- YOUR OBJECTIVE:
Working from the start of the listing, please write out exactly the lines through the one that holds "Stille Analog Alarmur, Sort", both included, and omit all pictures.

DATASET EXCERPT section start

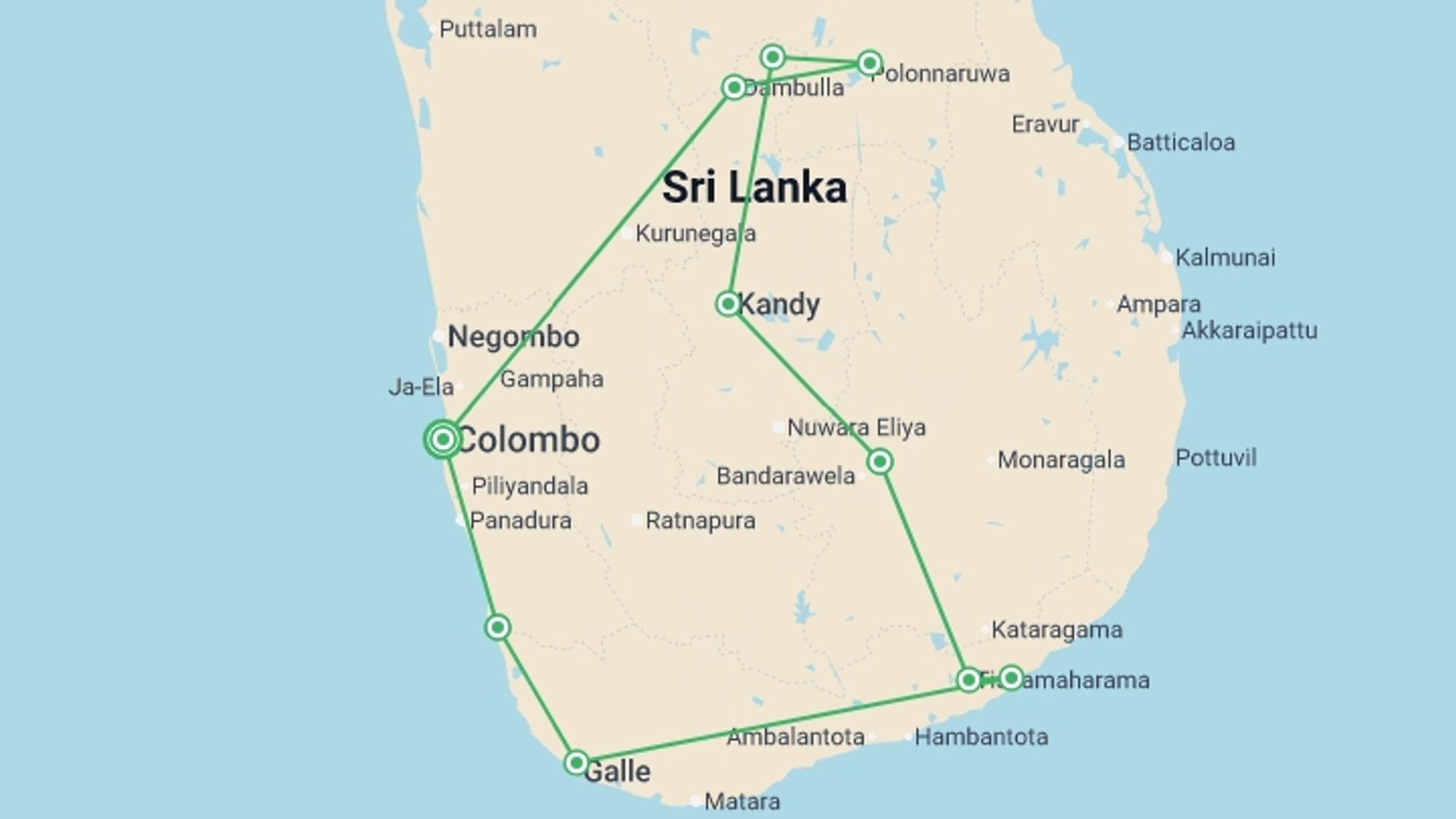 A map showing the tour itinerary for the trip: Best Of Sri Lanka 10 Days, Private Tour, starting in Colombo, Sri Lanka and ending in Colombo, Sri Lanka going through 6 other destinations.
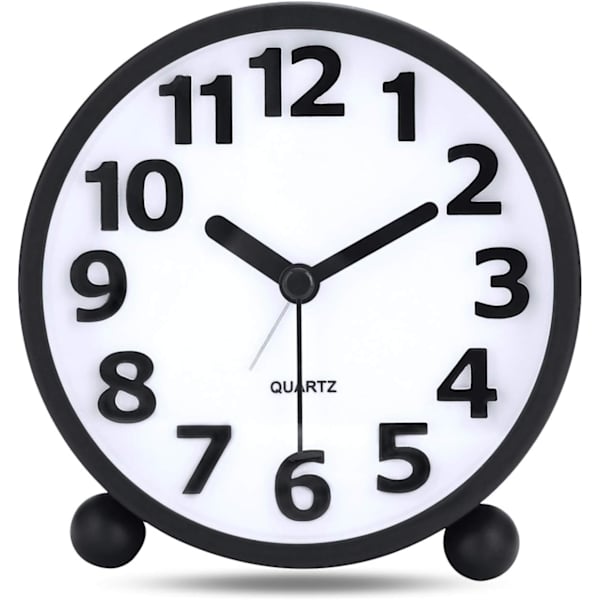 Stille Analog Alarmur, Sort Metal Stort 3D Tal, Snooze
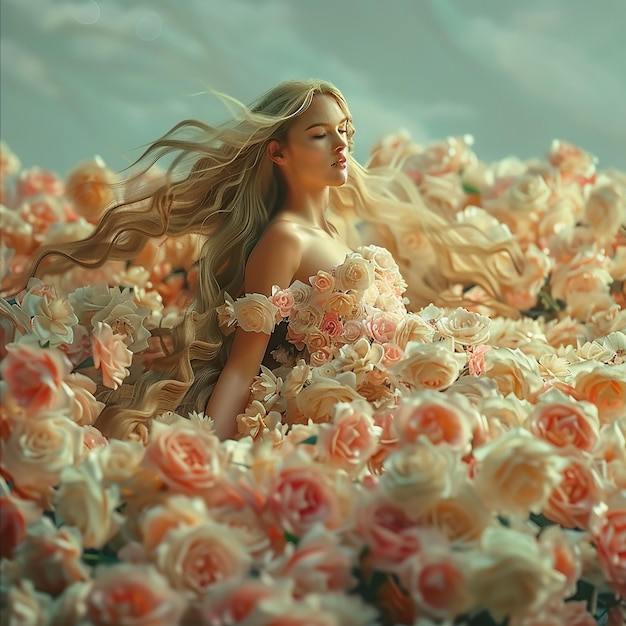 Foto renderizzate in 3D di una bella donna che indossa un vestito fatto di fiori foto macro sfondo solido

DATASET EXCERPT section end

- COMPLETED TASK:
 A map showing the tour itinerary for the trip: Best Of Sri Lanka 10 Days, Private Tour, starting in Colombo, Sri Lanka and ending in Colombo, Sri Lanka going through 6 other destinations.
 Stille Analog Alarmur, Sort Metal Stort 3D Tal, Snooze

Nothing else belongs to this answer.